Mentor spirit is that “productive, liberating power that heartens us to develop a bit of poetry in our self-leadership and grow into our best selves, who we were born to be…the almost anything that deepens our sense of the sacred or our understanding or transmits a kind of gladness about life itself.” Mentor spirit could be a book, ideas, art, nature and so on.
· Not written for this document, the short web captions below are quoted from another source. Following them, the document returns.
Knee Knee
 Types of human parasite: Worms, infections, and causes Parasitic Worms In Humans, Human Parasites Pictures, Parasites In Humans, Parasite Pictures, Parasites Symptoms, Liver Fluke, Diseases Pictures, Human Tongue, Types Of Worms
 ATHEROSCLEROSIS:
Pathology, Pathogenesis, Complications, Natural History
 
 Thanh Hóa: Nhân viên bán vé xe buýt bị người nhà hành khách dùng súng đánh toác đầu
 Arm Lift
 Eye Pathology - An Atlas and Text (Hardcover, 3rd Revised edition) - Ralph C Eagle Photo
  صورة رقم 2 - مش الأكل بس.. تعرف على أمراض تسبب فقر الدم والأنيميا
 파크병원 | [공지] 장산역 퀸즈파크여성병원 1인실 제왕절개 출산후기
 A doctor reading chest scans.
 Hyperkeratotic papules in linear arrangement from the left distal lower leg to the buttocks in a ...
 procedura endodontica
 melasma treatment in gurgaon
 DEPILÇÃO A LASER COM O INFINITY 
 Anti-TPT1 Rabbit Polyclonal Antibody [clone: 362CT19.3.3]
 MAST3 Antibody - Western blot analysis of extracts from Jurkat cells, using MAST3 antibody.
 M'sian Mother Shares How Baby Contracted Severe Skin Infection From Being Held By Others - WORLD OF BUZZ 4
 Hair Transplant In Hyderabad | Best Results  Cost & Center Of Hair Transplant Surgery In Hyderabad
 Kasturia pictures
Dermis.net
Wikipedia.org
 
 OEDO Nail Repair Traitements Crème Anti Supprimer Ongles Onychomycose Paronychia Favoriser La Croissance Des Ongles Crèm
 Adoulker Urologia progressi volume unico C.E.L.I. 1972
If you are interested in getting mentored, Sinetar suggests you do the following:
- Participate with organizations that mentor, and learn from them
- Don’t crowd those you admire in a starstruck or exploitative manner
- Find formal groups legitimately chartered to provide professional support
Traits of Great Mentors
- People lover
- Empathetic and non-judgmental
- Authentic
- Life lover
- Have sound judgment
- Think independently and divergently
- Have definite purpose
- Have good humor
- Reliable
- Honorable
- Set boundaries for self and others
Why Invisible Mentors (Mentor Spirits) Are Important
- People who we never meet can mentor and influence us
- Can lead us to our deepest most intimate truths
- Productive liberating spirit that allows us to be the people we were born to be
- Help us to amplify our internal voice
- We can learn from them how to live and thrive
Miscellaneous Great Ideas
- Productive mentors insist that their proteges become autonomous
- Learning continuously evaporates fear of change
How can you use this information? What do you have to add to the conversation? Let’s keep the conversation flowing, please let me know your thoughts in the comments section below. Many readers read this blog from other sites, so why don’t you pop over to The Invisible Mentor and subscribe (top on the right hand side) by email or RSS Feed.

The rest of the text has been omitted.